13 de janeiro de 2016

O que vemos quando lemos. Peter Mendelsund (Elsinore)

Parece haver um entusiasmo partilhado por muitos leitores em torno deste livro de Peter Mendelsund, o qual se justifica na medida em que é um livro “ao quadrado” mas com outras anfractuosidades muito em voga. O “quadrado” é o facto de se tratar de um livro sobre livros, sobre a leitura dos livros, sobre o prazer, expectativas e até mesmo perigos que ocorrem nela; as outras dimensões espraiam-se por considerações sobre as fantasmagorias visuais desenvolvidas à medida da leitura, o grau de co-criação a que o leitor se propõe com determinado livro, na capacidade dos autores de dirigirem de uma forma ou outra a matéria “visualizável” dos seus escritos. Outro domínio pelo qual o livro tem suscitado algum entusiasmo é pela forma como se apresenta materialmente, as características da edição, as suas profusas ilustrações, uma paginação leve, rápida, com grandes letras, ou palavras isoladas, etc., que torna o acto de leitura deste livro bastante rápido. Porém, O que vemos quando lemos é igualmente um caso de mal-entendidos e de caminhos mais prometidos do que trilhados. (Mais) 

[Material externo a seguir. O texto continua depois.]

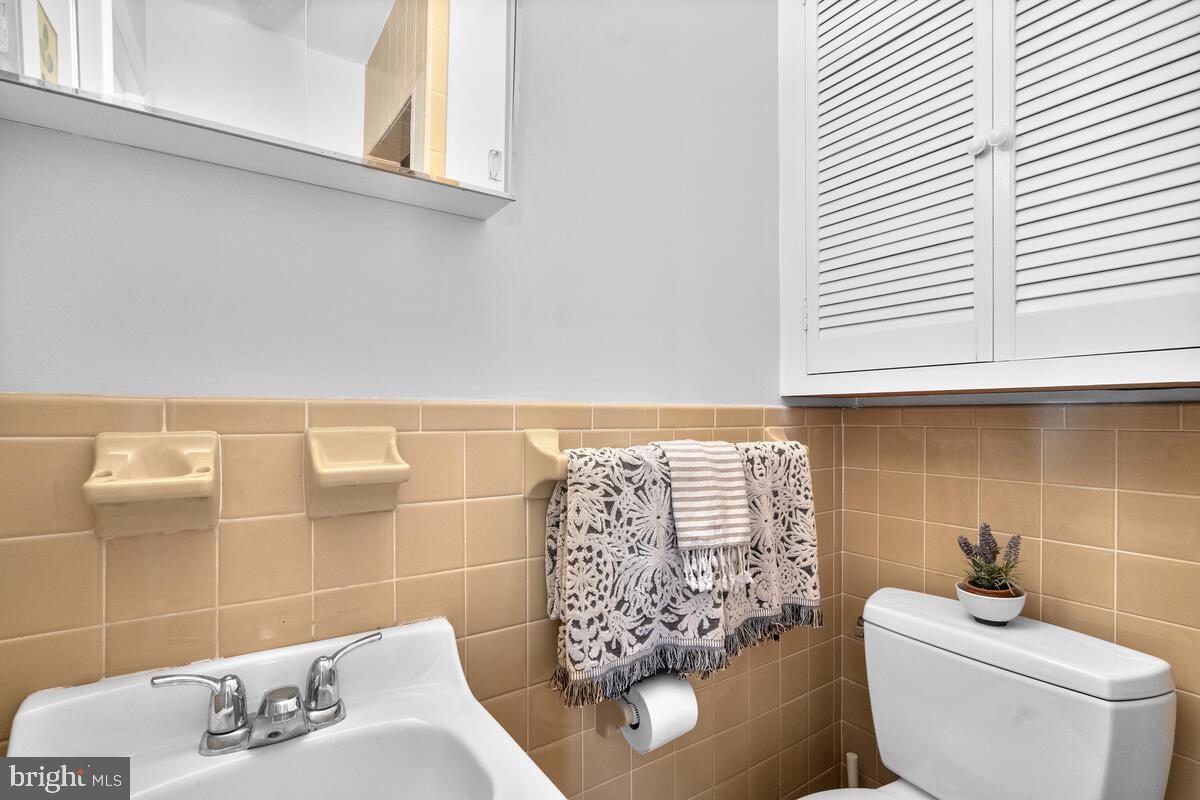 3011 Edgewood Road Kensington, MD 20895 - Photo 34 of 54 Gallery Image 34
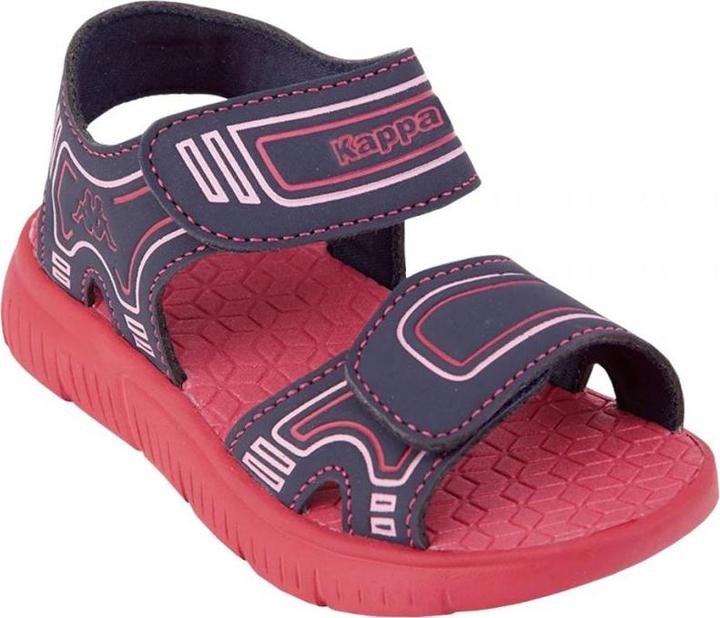 Image du produit Kappa Sandales Kaleo (31)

Aparentemente o volume de Mendelsund apresenta-se como um estudo fenomenológico do acto da leitura, na dimensão imaginativa e projectiva que ela contém, ou para ser ainda mais específico, qual é o grau da visualização mental que fazemos dos objectos concretos descritos ou em acção nos escritos literários. O autor não está preocupado com a matéria textual, este não é um tratado de narratologia, é antes uma exploração dos momentos em que o texto permite formar imagens específicas na nossa mente. Por “imagens” o autor não quererá apenas falar do sentido da visão, ainda que mental, mas fala também de outras sensações físicas como a audição ou o olfacto, mantendo-se num trilho tradicional (recordemos que a exploração sensorial pode ser bem mais complexa, como tentou num primeiro passo, em relação à banda desenhada, Ian Hague). Como se sabe, existirão autores que primam por descrições mais específicas de um determinado objecto, personagem ou sensação, ao passo que outros preferem abordagens mais afastadas e impressivas, ou que, com alguns elementos libertos em cadências regulares ou pertinentes, se vão coalescendo numa “imagem final”, que para o autor, está sempre em movimento.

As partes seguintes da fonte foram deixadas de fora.